Soldiers from the 9th Infantry Regiment pose with one of three Balangiga bells in the Philippines in 1902 in this photo, displayed at the 2nd Infantry Division museum.

Defense Secretary Jim Mattis acted over the weekend to return to the Philippines church bells that allegedly signaled an attack on U.S. troops in 1901.

Following Mattis' notification to Congress of intent to return the bells, the U.S. Embassy in Manila said in a statement Saturday, "No specific date has been identified for the return of the bells. We've received assurances that the bells will be returned to the Catholic Church and treated with the respect and honor they deserve."

Since taking office, Filipino President Rodrigo Duterte has demanded the return of the "Balangiga Bells," which were taken as trophies by U.S. troops, but are seen by many in the Philippines as symbols of American war crimes in the Philippine-American War.

Last year, U.S. Ambassador Sung Kim said returning the three bells, taken from the tower of the Roman Catholic church in Balangiga, in eastern Samar, was "the right thing to do."

However, also last year, Reps. James McGovern, D-Massachusetts, and Randy Hultgren, R-Illinois, said the bells should not be returned until Duterte takes "clear, measurable efforts to stop extrajudicial killings" in the war on drugs in the islands.

In a report last month, Amnesty International charged that Duterte's efforts to enhance his "strongman image" have "made the country a more dangerous place, particularly for the poorest Filipinos."

"Instead of combating a difficult social problem, his 'war on drugs' has caused untold damage and misery," the Amnesty report said.

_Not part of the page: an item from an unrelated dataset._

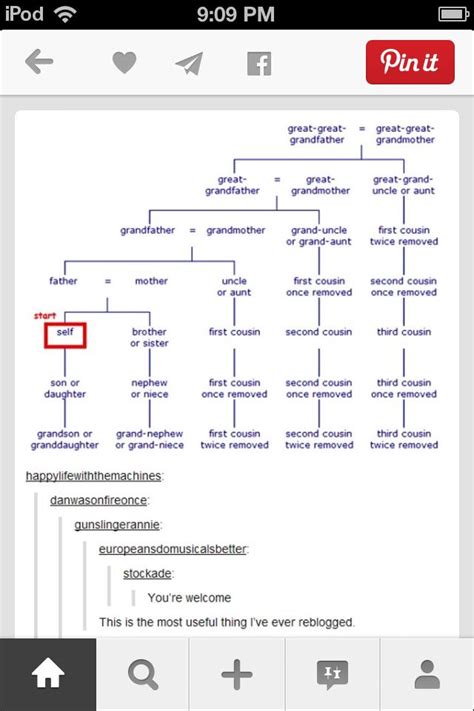 Extended Family Tree Chart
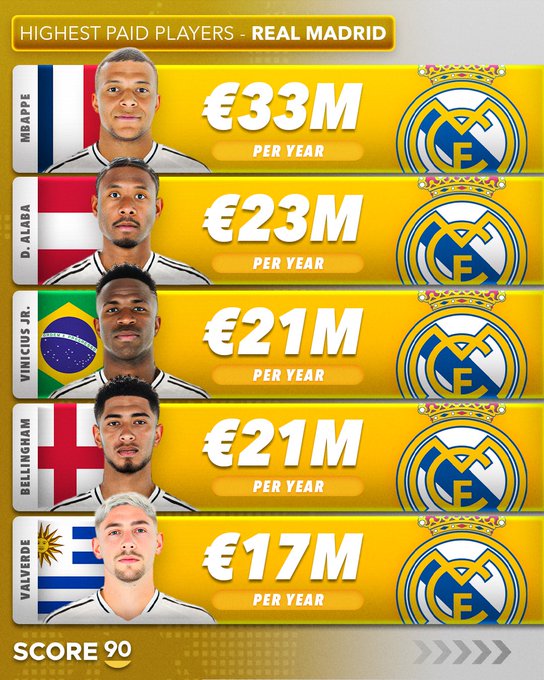 Foot européen: Les meilleurs salaires annuels ?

At the Malacanang Palace, the presidential residence in Manila, spokesman Henry Rocque said Sunday, "We welcome this development as we look forward to continue working with the United States government in paving the way for the return of the bells to the Philippines."

Two of the bells are on display at F.E. Warren Air Force Base near Cheyenne, Wyoming. The third is with the U.S. Army's 9th Infantry Regiment in South Korea.

On Sept. 28, 1901, Company C of the 9th Infantry in Balangiga was attacked by Filipino guerrillas, with the signal to move against the Americans allegedly being given by the ringing of the bells. More than 40 U.S. troops were killed.

In response, U.S. Brig. Gen. Jacob H. Smith ordered that Balangiga and Samar be turned into a "howling wilderness" and allegedly said that any Filipino male above 10 years of age capable of bearing arms should be shot.

Smith later faced a court-martial. He was found guilty, admonished and forced to retire. One of his subordinates, Maj. Littleton Waller, also faced a court-martial on charges of ordering the execution of 12 Filipino guides. He was found not guilty.

According to the Defense Department, nearly 4,200 U.S. troops died, mostly from disease, in the 1899-1902 Philippine-American War and the guerrilla resistance to U.S. colonial rule that continued into 1913. The Philippines achieved independence in 1946.